Section 2. Elections – Mail, fax, or electronic balloting shall be the method of voting on all officers. The President shall appoint a nominating committee to make their recommendations to the membership for officers of AMBA during the October meeting. The executive director shall mail or fax this report to the professional members to be voted on during the November meeting. Professional members who have been a member of AMBA since July of that year may vote. Members voting by proxy must have their ballot to the executive director, signed and postmarked/faxed/emailed, before the November meeting. During the November meeting, any professional member may nominate another member from the floor. Such nominations must be seconded by a professional member. Members present may vote and ballots will be counted by the executive director and two members. The results will be announced to the membership by the December meeting.

Section 3. Composition – The Board of Directors shall be composed of professional and affiliate/associate members with at least two-thirds being professional members. The office of President, President-Elect and Vice President shall be held by professional members. The Board of Directors shall be composed of the Officers and Standing Committee chairpersons; also up to twelve Directors –at-large and a Parliamentarian, all appointed by the President and the executive director. All members shall have a vote.

Section 4. Term of Office – All members of the board of directors except for the Directors-at-large shall take office on January 1st or when appointed. Their term of office shall be for one year or until their successor is duly elected or appointed. All Directors-at-large shall have a two year term effected in January of the year of appointment. All Past President terms will expire after two years.

Section 5. Selection – All members of the Board of Directors shall serve by virtue of their respective elected or appointed position.

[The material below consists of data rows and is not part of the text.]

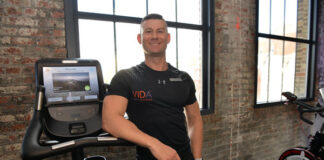 NEW YEAR NEW YOU 2020: Local VIDA master trainer on trends, tips and technology at the gym - Washington Blade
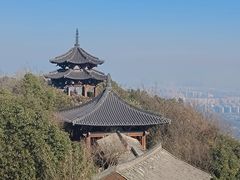 -杭州半山国家森林公园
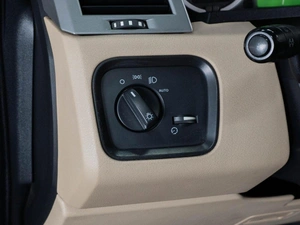 Внедорожник Land Rover Range Rover Sport 2008 года, 1349000 рублей, Тюмень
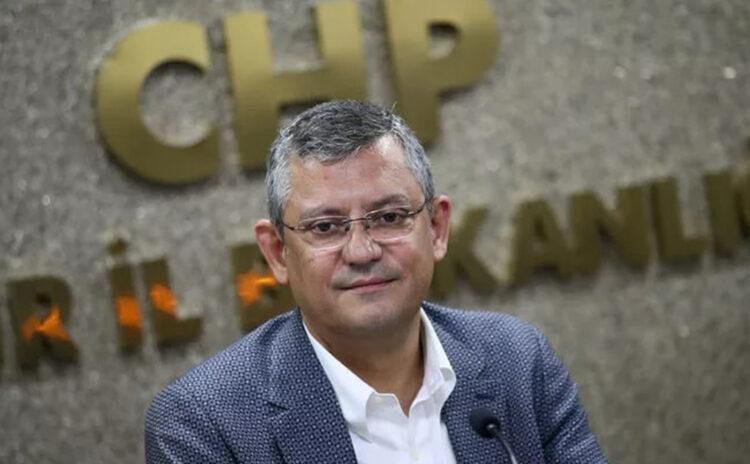 CHP'li Özel adaylığa ısındı: Haziran'dan daha yakınım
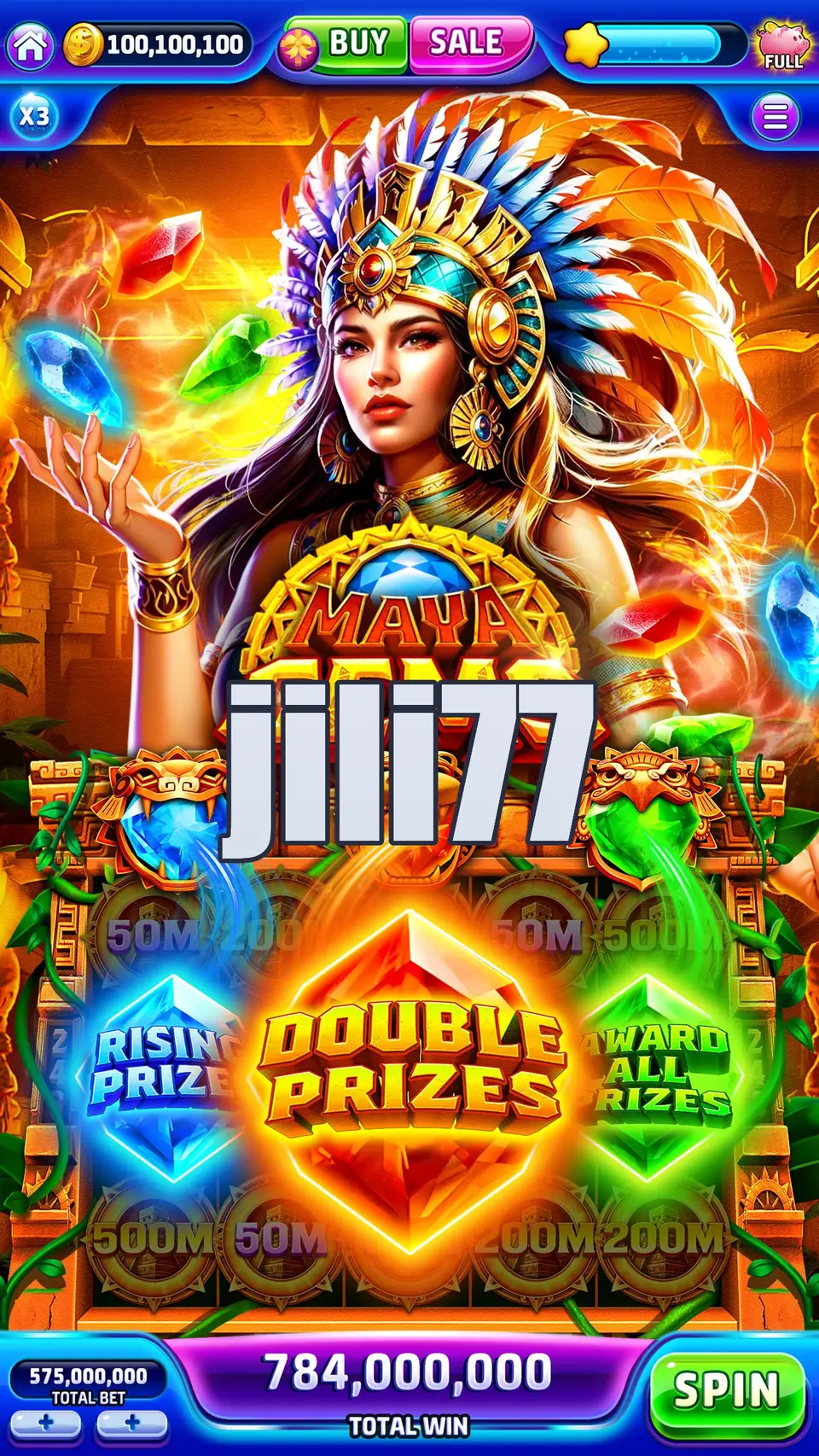 jili77 Mag-login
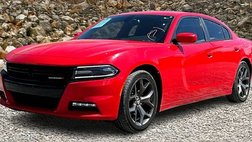 2015 Dodge Charger SXT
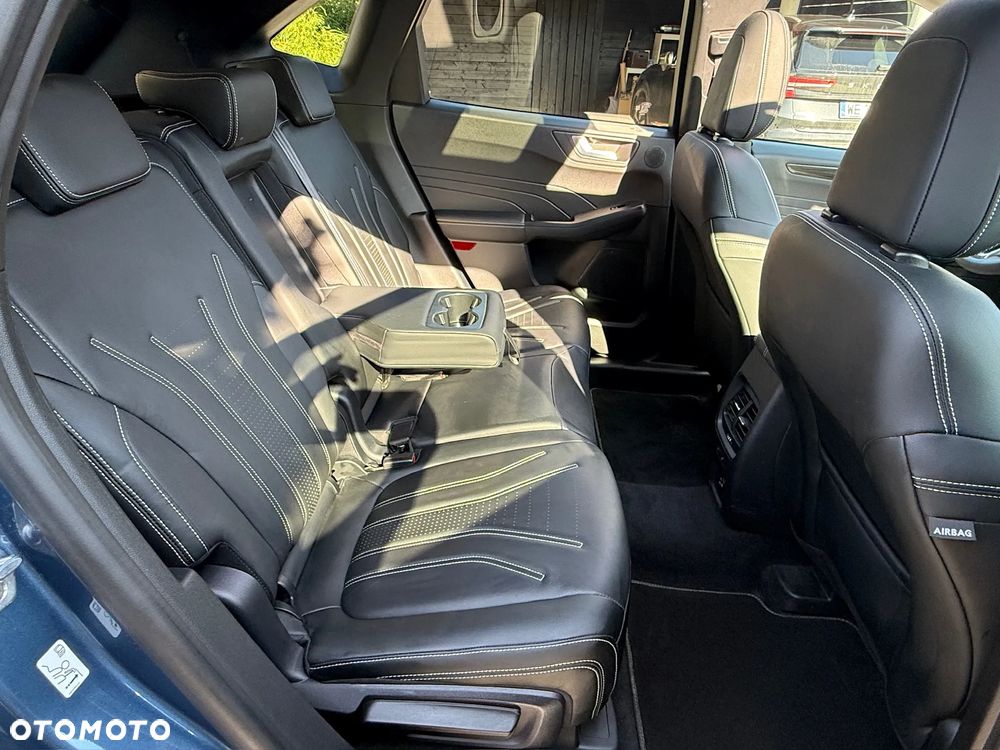 Ford Kuga 2.5 FHEV AWD Vignale - 29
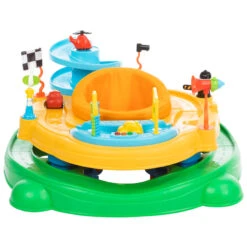 Table D'activités Ludocar -Maman et Bé Soldes PEVFQ5 NoColor 4 X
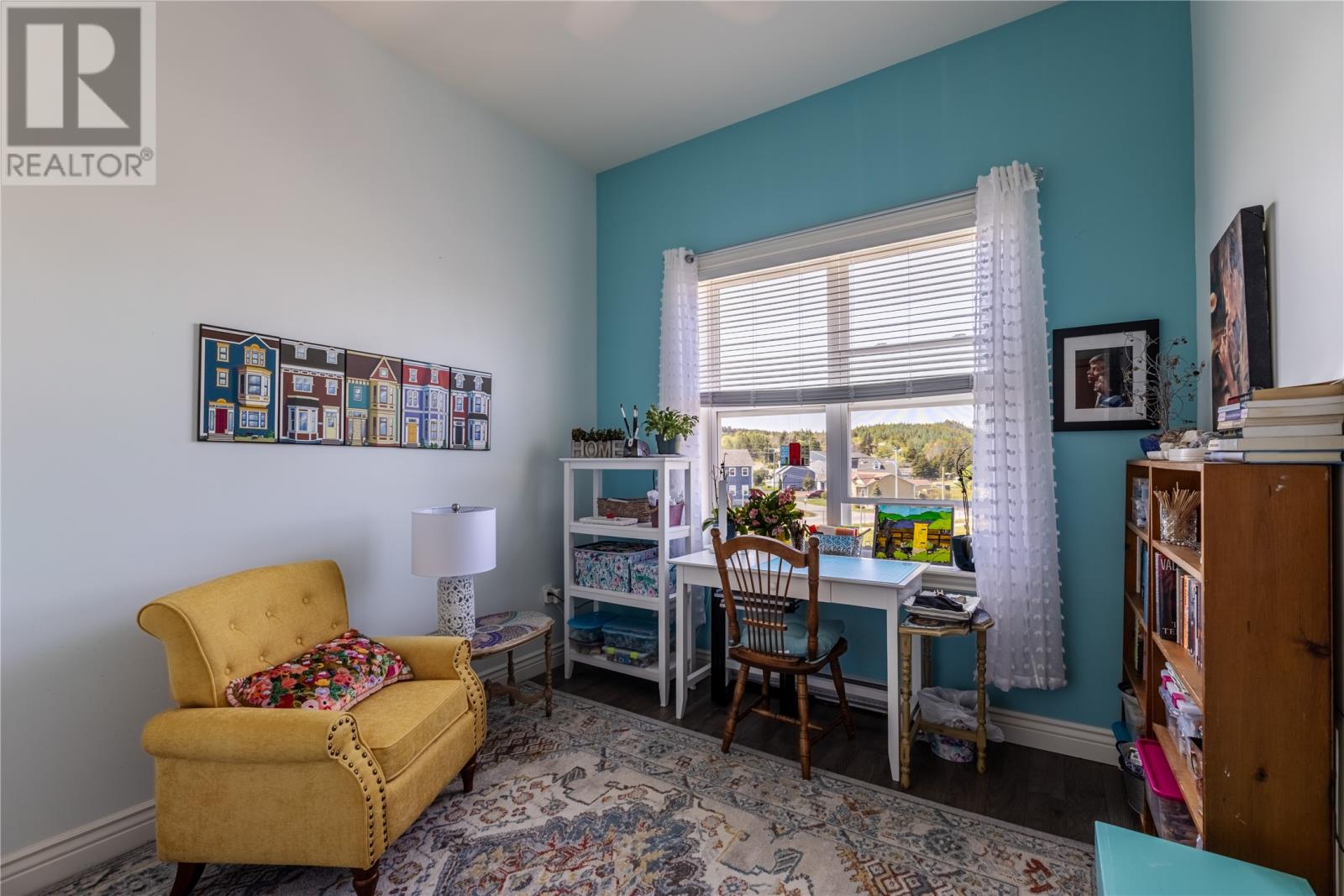 6 Curtis Lane Unit#201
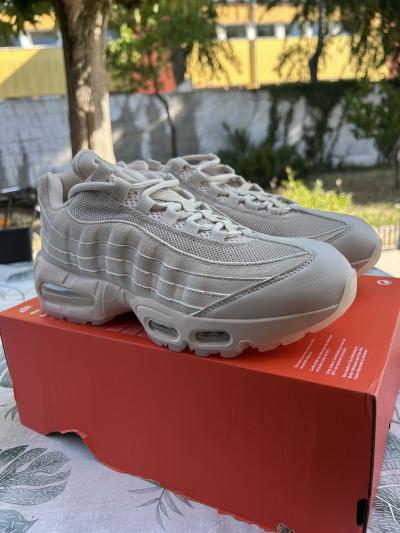Air Max 95 Big Bubble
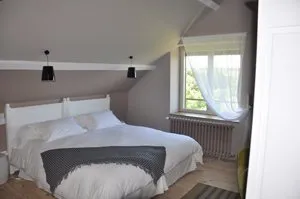 Chambres d'hôtes du MAS CAPEL, OFFICE DE TOURISME DE PARELOUP LEVEZOU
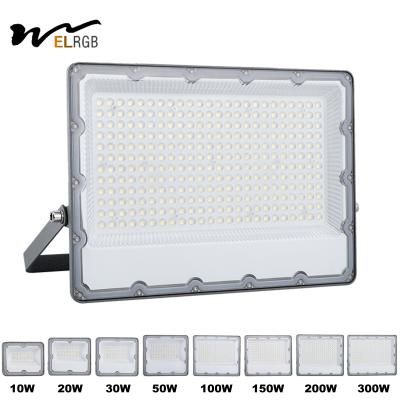 中国 LED Outdoor Floodlight for Sports Field Yacht Fishing Lamp Safety Outdoor Lighting 販売のため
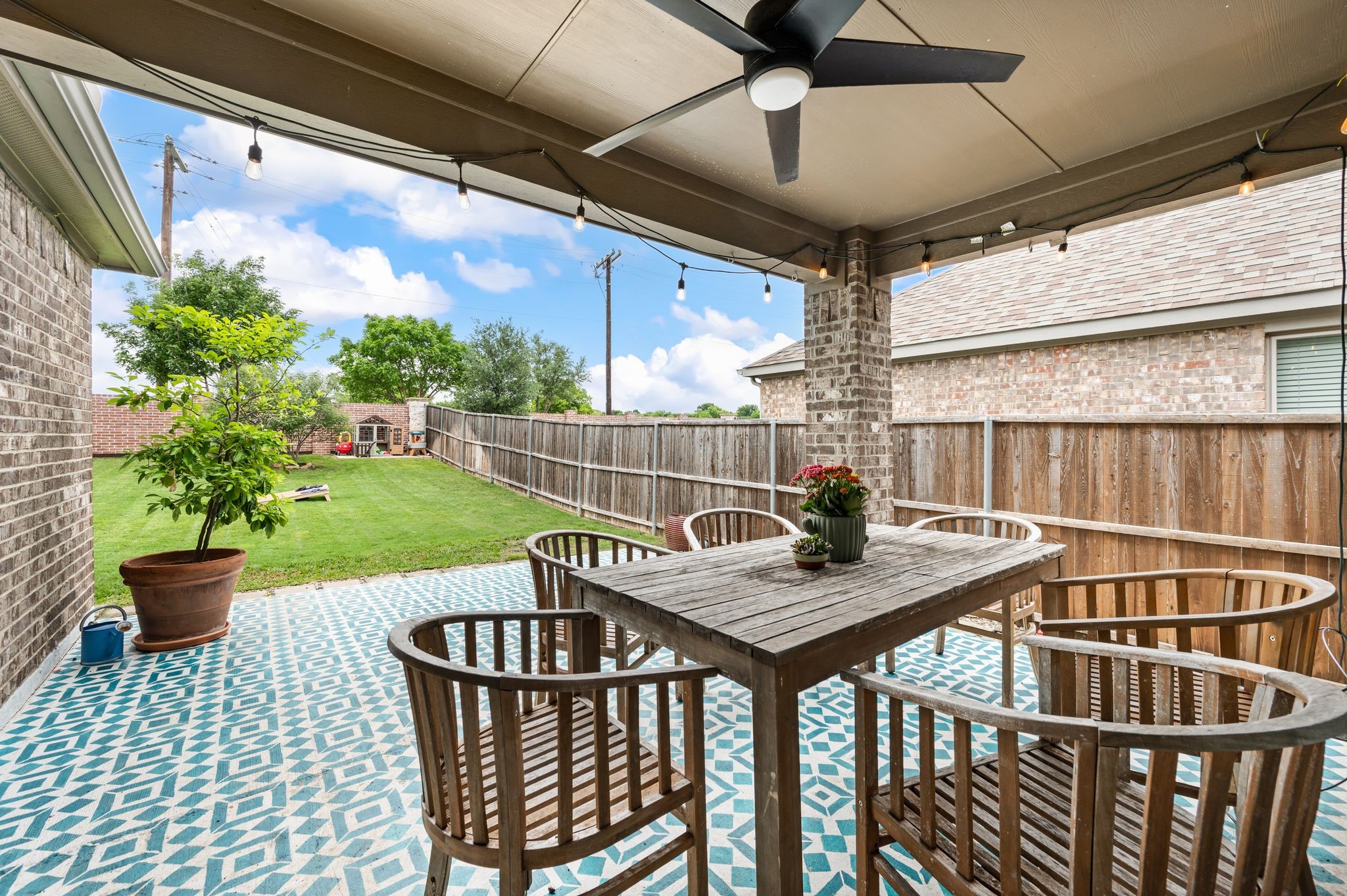 5912 Aster Drive Mckinney TX 75071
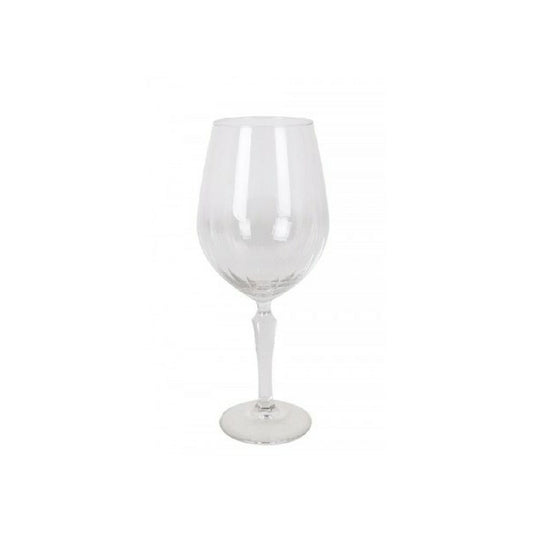 Set of cups Royal Leerdam Gotica 600 ml Ø 7 x 9 x 23,5 cm 6 Units Royal Leerdam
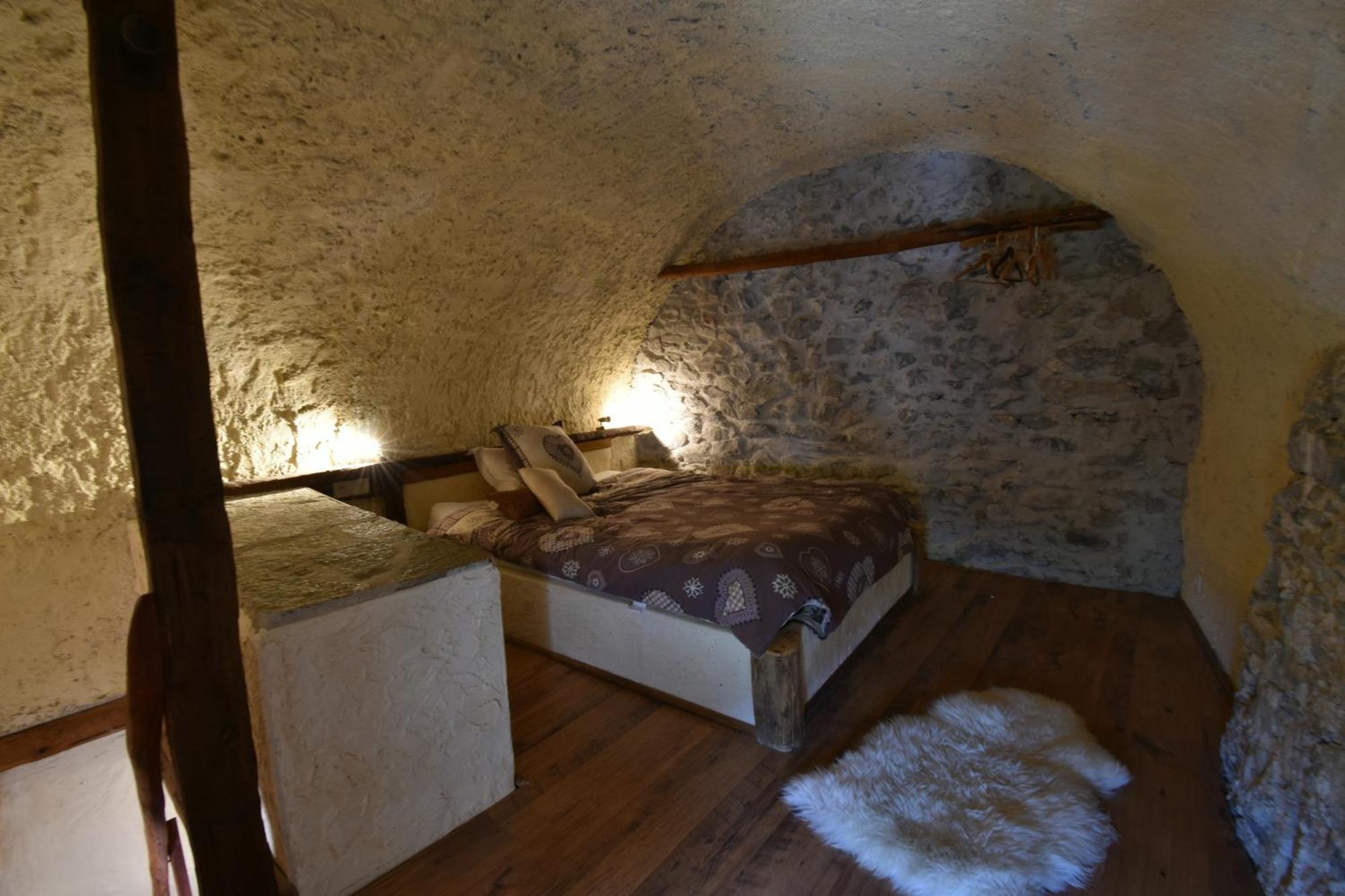 Apartment La Cerveyrette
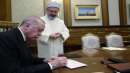 Cumhurbaşkanı Erdoğan kurban bağışını Türkiye Diyanet Vakfı’na yaptı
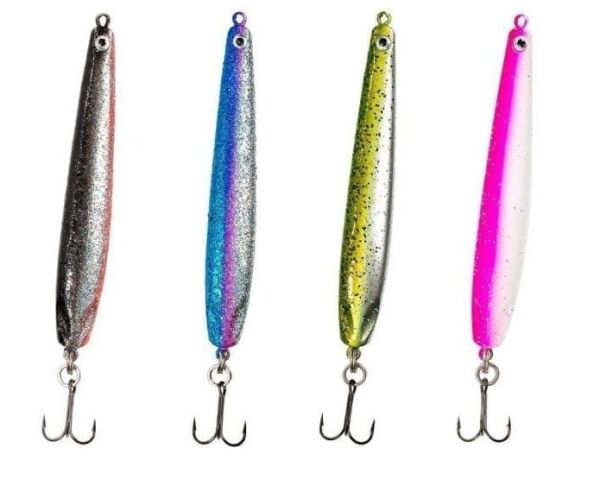 Fladen Escaping Herring Kaşık 9.5 CM, 22G 10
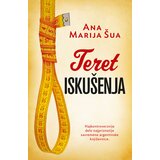 Laguna Ana Marija Šua - Teret iskušenja Cene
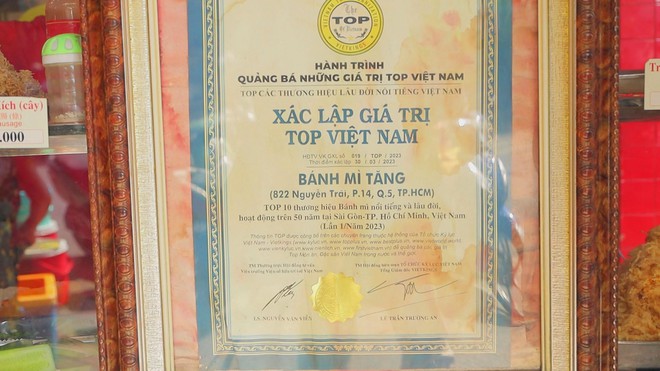 Ẩm thực Chợ Lớn Food Story lần thứ 3 sẵn sàng khai mạc - Ảnh 6.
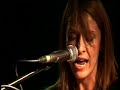 Michelle Plum (Chumbawumba) - Live Michelle Plum (Chumbawumba) - Live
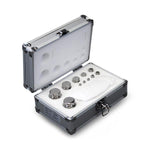 Adam Equipment Inc Adam Equipment ASTM Calibration Weight Sets ASTM 4 1G-200G CALIB WEIGHT ST - 1.0 Each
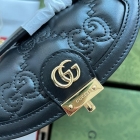 Design Brand G Womens Original Quality Genuine Leather Bags 2023SS M890223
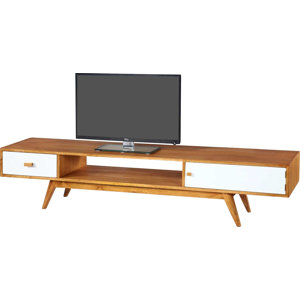 TV-Lowboard Passion for Retro von Mia Casa - Dre..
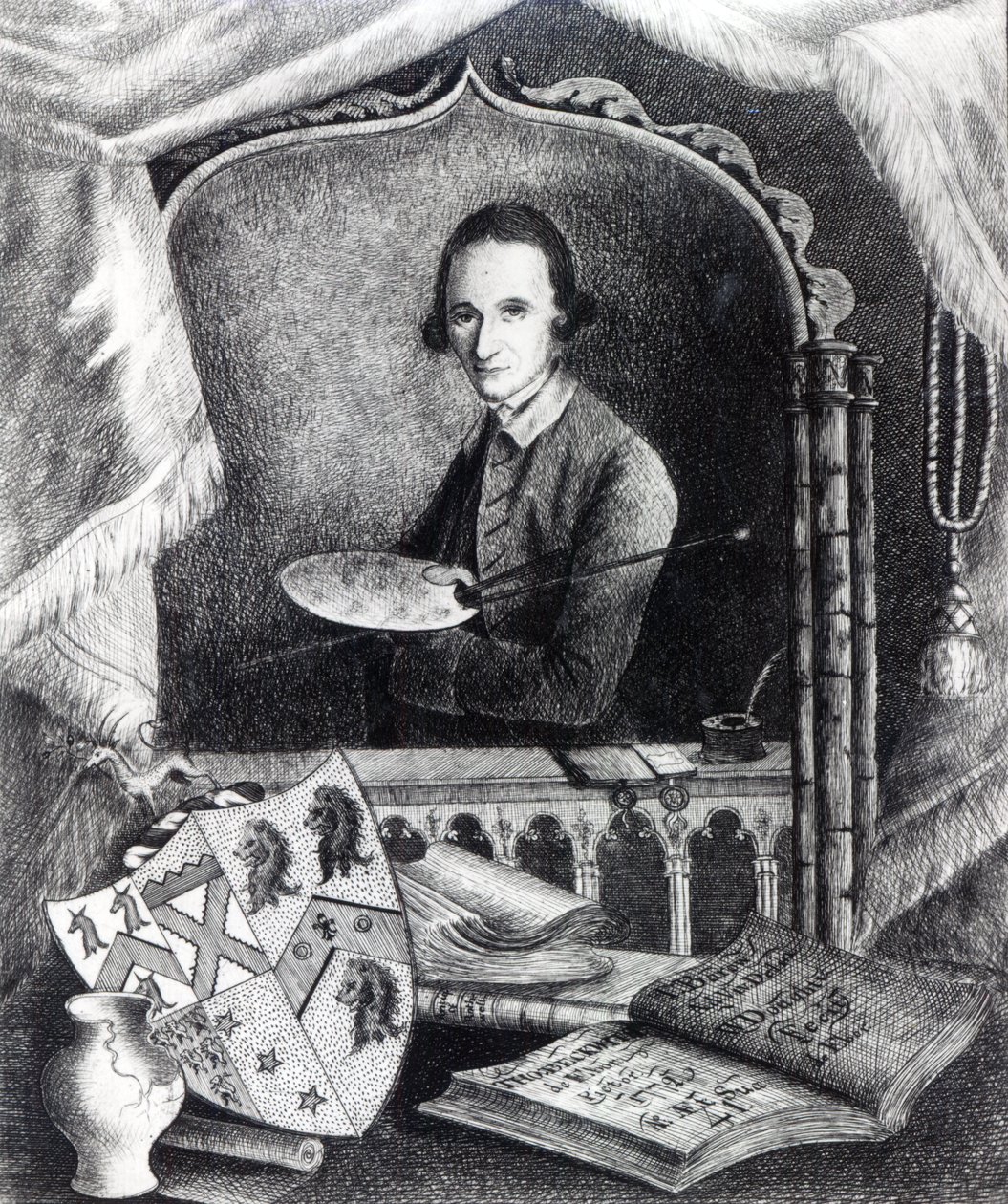 Thomas Beckwith tekijältä English School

Section 6. Meetings – The Board of Directors shall meet at regular intervals between Annual meetings upon the call of the President at such times and places as may be designated. Notice of all meetings of the Board of Directors shall be sent via mail/other mode of transmittal to each member of the board at their last recorded address at least ten (10) days in advance of such meetings.

Section 7. Quorum – A majority of the whole Board of Directors shall constitute a quorum at any meeting of the board. Any less number may adjourn voting until a quorum is present.

Section 8. Absence – Any member of the board unable to attend a duly called meeting of the board shall be required to notify the President two (2) days prior to the meeting. The President may deem the resignation of the director effective upon two (2) consecutive unauthorized absences without written notification by that director to the President. Any Board member residing greater than 150 miles outside of Birmingham are required to attend a minimum of one meeting per quarter with one excused absence per year.

Section 9. Resignation and Removal – Any board member may resign at any time by giving written notice to the President, the Secretary or to the board. Such resignation shall take effect at the time specified therein, or if no time is specified, at the time of acceptance thereof, as determined by the President or the board. A member of the board may be removed from their position upon two-thirds (2/3) vote of the general membership attending a legally called meeting.
Announcement of the intended vote shall be made at least thirty (30) days prior to the meeting, by publication in the newsletter or by certified mail.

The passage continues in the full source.